We recently went through an upgrade with Vacation Village at Grandview to their Platinum program. I don't know if Platinum is different from Premium but we did get a few perks that we didn't have before. The Extra Vacation Certificates are now 2-90 days out as opposed to 2-45 days, which is pretty significant to us. We also get free membership to Sam's Club, discounted "internal" trades through RCI ($119 vs $199 in the past), and free travel insurance as long as we're traveling to/from a Vacation Village location or affiliate.


----------



## breezez (Nov 19, 2017)

rboesl said:


> We recently went through an upgrade with Vacation Village at Grandview to their Platinum program. I don't know if Platinum is different from Premium but we did get a few perks that we didn't have before. The Extra Vacation Certificates are now 2-90 days out as opposed to 2-45 days, which is pretty significant to us.
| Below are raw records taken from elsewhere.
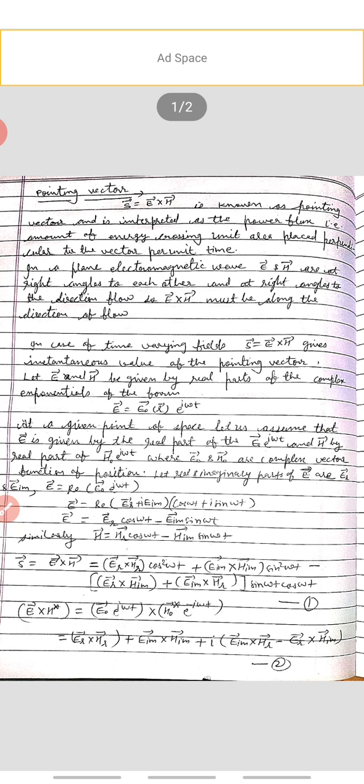Let the real and imaginary parts of E be E_r and E_im. So E equals the real part of E naught e to the power iota omega t, which gives E equals the real part of (E_r plus iota E_im) times (cos omega t plus iota sin omega t). Multiplying and taking the real part, we get E equals E_r cos omega t minus E_im sin omega t.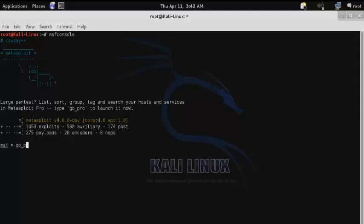Then from there, type go_pro, and this will start the Metasploit Pro services.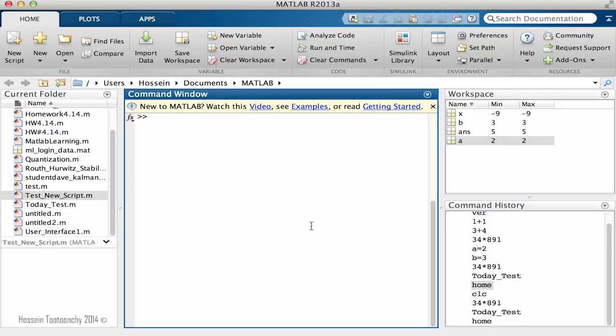Hello and welcome back. In this video I'm going to introduce you to two functions that literally without them you're not able to learn MATLAB. So what are those functions that are very important?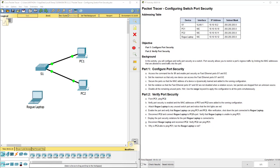Hello everyone. This video walks through completing Packet Tracer Assignment 5.2.2.7, Configuring Switch Port Security. This Packet Tracer Assignment is part of the Cisco Routing and Switching Essentials version 6 curriculum.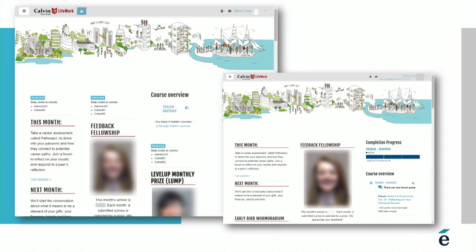This particular example is a student support program designed around cohorts that are based year by year — a year one cohort, a year two cohort, a year three cohort. What they've done is dynamically create those cohorts, enroll people into a cohort, and then have a front page customized to pull in HTML blocks and other types of information specific to certain cohorts. From an administrator's perspective the page may be complex, but from the end users they're seeing only the information and resources that are really important for them.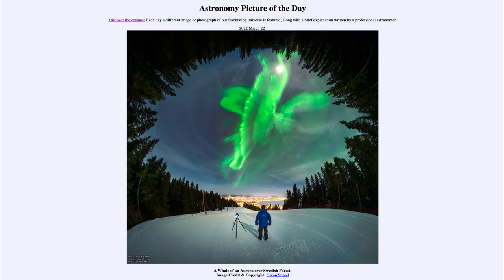The green glow of the aurora is caused when charged particles from our Sun strike the Earth's magnetic field and follow along it to the north and south magnetic poles. That's where they strike Earth's atmosphere and excite the oxygen atoms, causing the electrons in those atoms to glow.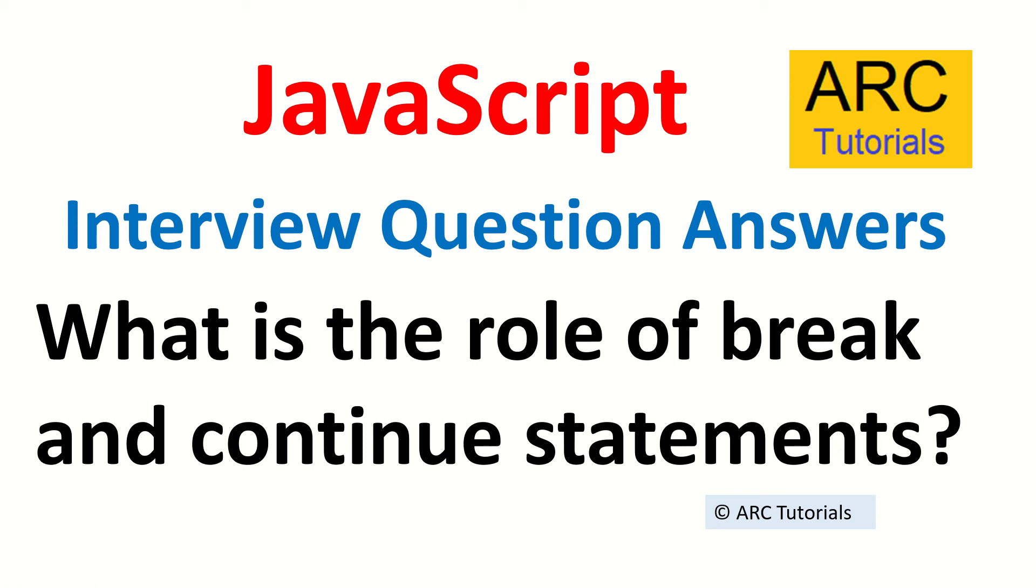Hi friends, welcome back to ARC Tutorials. This is JavaScript top interview question answer series, and in today's episode the question is: what is the role of break and continue statements?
We also get free membership to Sam's Club, discounted "internal" trades through RCI ($119 vs $199 in the past), and free travel insurance as long as we're traveling to/from a Vacation Village location or affiliate.



What kind of fee did they charge you?


----------



## rboesl (Nov 19, 2017)

We added 1BR to have the full 2BR. Cost $6k


----------



## AwayWeGo (Dec 5, 2017)

Bill for 2018 maintenance fee was received in today's USPS mail delivery. 

Bill is dated 11-16-2017.

Subtracted $5 voluntary ARDA contribution & sent in the rest (via bank's internet billpayer service). 

-- Alan Cole, McLean (Fairfax County), Virginia, USA.​


----------